Meanwhile, to help fellows headed toward a career in clinical practice, the Committee on Rheumatologic Care (CORC) and the ACR staff have prepared a book-length manual about how to start a career as a clinical rheumatologist. This comprehensive guide is in the final steps of development and editing, and will be available soon on the ACR Web site.
Room to Improve
More, however, needs to be done. The number of fellows in training is currently not greater than it was in 1981, but the population of patients with rheumatic diseases under our care is much larger, and growing rapidly. A workforce shortage already exists in rheumatology in the United States—due in part to the many unfilled training slots in the late 1990s—and will become more acute in the near future. The Lewin workforce study published in 2007 estimated that by 2025, an additional 2,500 rheumatologists would be required over the projected supply.2
Increases in the number of rheumatology nurse practitioners and physician assistants, the fastest growing segments of the ARHP, will be part of the answer. To better support the development of these key health professionals, the ARHP has created a new online series of curriculum modules which are being rolled out this fall. Improvements in the effectiveness of medications and other changes in practice patterns may help us practice more efficiently.
A strong case can be made, however, that we also need to train more rheumatology fellows, especially pediatric rheumatology fellows. Three hurdles need to be overcome to accomplish this: first, we need enough qualified applicants; second, we need to have additional approved slots; and third, training programs must have sufficient resources—enough funds to support these positions and enough faculty to do the teaching. Let’s examine each of these issues.

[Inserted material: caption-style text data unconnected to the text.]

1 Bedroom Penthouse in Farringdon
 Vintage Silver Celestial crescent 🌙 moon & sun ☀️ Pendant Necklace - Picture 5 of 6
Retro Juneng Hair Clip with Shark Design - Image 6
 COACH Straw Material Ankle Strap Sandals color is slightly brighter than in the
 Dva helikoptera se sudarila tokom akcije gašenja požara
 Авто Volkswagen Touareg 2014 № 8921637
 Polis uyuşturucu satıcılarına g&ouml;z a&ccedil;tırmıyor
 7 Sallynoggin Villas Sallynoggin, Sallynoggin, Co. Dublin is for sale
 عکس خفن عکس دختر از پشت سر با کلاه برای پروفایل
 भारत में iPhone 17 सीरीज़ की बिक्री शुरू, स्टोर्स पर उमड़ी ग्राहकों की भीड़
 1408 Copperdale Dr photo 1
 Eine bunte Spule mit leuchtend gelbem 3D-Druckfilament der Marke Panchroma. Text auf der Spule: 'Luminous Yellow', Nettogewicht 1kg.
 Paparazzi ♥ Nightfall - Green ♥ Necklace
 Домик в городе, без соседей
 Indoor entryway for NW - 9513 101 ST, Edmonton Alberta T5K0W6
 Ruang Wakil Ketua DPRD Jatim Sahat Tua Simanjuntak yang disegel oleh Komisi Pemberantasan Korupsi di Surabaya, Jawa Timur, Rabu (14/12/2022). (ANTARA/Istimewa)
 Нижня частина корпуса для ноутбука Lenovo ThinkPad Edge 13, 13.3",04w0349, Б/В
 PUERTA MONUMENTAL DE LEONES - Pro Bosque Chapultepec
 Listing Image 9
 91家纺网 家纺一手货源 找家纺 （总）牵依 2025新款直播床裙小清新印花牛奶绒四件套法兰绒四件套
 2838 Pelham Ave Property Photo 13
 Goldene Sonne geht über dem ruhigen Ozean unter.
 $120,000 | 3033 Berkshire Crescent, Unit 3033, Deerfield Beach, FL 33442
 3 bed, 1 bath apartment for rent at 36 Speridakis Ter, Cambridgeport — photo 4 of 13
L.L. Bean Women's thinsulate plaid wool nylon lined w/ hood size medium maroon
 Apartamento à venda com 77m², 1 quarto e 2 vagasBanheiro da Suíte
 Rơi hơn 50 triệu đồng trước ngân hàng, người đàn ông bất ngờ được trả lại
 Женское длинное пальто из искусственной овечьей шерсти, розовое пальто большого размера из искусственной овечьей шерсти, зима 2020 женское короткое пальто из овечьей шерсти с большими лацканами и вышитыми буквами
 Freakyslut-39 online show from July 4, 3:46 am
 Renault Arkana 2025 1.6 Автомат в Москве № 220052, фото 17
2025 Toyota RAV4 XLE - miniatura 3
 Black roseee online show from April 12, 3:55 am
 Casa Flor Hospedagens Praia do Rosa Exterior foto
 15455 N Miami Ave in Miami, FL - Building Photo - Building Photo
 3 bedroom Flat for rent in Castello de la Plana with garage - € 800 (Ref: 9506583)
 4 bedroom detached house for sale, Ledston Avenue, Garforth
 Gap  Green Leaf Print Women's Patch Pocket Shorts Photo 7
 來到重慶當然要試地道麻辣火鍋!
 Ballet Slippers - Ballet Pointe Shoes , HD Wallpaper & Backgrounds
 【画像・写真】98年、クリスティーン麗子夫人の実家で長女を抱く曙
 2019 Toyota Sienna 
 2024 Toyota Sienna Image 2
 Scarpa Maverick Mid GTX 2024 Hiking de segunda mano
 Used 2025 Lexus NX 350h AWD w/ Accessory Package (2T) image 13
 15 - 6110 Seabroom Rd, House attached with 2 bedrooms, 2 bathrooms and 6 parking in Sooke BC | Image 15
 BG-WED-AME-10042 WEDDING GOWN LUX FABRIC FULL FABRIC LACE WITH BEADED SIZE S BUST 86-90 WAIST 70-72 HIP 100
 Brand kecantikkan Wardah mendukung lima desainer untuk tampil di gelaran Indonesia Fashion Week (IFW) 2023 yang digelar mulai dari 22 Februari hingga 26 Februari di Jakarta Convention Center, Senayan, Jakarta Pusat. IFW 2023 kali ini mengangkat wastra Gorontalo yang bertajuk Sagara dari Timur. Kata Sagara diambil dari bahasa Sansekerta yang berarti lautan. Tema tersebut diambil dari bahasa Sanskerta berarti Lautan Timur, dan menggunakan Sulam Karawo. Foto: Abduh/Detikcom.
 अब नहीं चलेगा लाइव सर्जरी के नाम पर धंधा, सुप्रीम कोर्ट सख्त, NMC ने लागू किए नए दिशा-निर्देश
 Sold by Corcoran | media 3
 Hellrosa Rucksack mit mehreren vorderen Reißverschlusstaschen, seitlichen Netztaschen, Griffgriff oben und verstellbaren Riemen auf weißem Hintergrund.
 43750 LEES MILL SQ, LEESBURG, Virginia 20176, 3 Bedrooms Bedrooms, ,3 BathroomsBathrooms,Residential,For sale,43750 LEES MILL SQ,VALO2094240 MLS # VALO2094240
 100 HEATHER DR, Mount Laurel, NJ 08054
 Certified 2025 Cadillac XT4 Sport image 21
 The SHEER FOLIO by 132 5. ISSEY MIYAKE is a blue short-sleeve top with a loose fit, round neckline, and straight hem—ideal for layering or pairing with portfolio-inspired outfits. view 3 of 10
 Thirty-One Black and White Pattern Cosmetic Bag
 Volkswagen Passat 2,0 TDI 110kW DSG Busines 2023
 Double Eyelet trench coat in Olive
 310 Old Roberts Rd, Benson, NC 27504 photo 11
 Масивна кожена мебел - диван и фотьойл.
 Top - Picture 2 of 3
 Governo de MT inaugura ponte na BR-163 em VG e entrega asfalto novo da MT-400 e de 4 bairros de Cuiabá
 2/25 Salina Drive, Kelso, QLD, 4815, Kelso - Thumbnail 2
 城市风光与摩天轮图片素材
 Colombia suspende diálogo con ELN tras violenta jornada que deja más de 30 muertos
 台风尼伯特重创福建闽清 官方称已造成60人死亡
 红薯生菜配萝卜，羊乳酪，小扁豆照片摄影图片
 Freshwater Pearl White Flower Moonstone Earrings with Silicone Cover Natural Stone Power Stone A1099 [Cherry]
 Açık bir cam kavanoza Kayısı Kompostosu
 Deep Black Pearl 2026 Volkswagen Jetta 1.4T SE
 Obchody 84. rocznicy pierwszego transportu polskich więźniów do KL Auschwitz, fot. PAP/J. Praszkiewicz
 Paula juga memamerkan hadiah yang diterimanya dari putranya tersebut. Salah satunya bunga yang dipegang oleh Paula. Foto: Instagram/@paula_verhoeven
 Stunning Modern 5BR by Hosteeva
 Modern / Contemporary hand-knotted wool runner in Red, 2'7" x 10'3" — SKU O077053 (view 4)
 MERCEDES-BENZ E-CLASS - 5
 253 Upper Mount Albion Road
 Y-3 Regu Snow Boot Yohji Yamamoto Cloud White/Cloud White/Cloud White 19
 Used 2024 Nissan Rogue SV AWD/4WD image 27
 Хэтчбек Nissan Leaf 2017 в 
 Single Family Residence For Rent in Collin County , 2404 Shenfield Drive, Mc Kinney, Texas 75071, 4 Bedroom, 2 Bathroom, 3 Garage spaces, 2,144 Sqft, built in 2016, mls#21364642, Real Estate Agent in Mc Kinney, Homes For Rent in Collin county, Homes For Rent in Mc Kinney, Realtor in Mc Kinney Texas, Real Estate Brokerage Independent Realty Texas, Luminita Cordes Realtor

With 365 applicants (about 60% of whom are women) and about 190 positions, it would appear that enough applicants are available to fill more slots. Moreover, the majority of new fellows (but not a majority of the applicants) are U.S. medical graduates, unlike 10 years ago, when most were not. This implies that applicants are being turned down who would have obtained rheumatology fellowship positions 10 years ago. Are qualified applicants not matching to any position? Is visa status a significant obstacle for some applicants, since only permanent residents and U.S. citizens are eligible for some sources of fellowship funds, such as NIH training grants? Answering these questions is vital, because if there are no additional qualified applicants we need to redouble the efforts of the Research and Education Foundation (REF) to attract prefellowship trainees to a career in rheumatology.
Identifying Bottlenecks
How about the number of available fellowship slots? A recent survey of rheumatology training program directors, still being analyzed by ACR staff and volunteers, has revealed an important and, to me, surprising finding. Out of 72 programs that responded, the training program directors reported that, on average, one out of four ACGME-approved slots per program is currently unfilled. This means that many rheumatology fellowship slots are not placed into the match and most likely are not currently open in any way to applicants. Thus, we could substantially increment the number of rheumatology fellows by opening up the slots that already exist. (The situation for pediatric rheumatology is somewhat different, and the emphasis needs to be on attracting more applicants through, for example, the loan forgiveness provisions of the arthritis bill we have been strenuously pushing for during our trips to Capitol Hill.)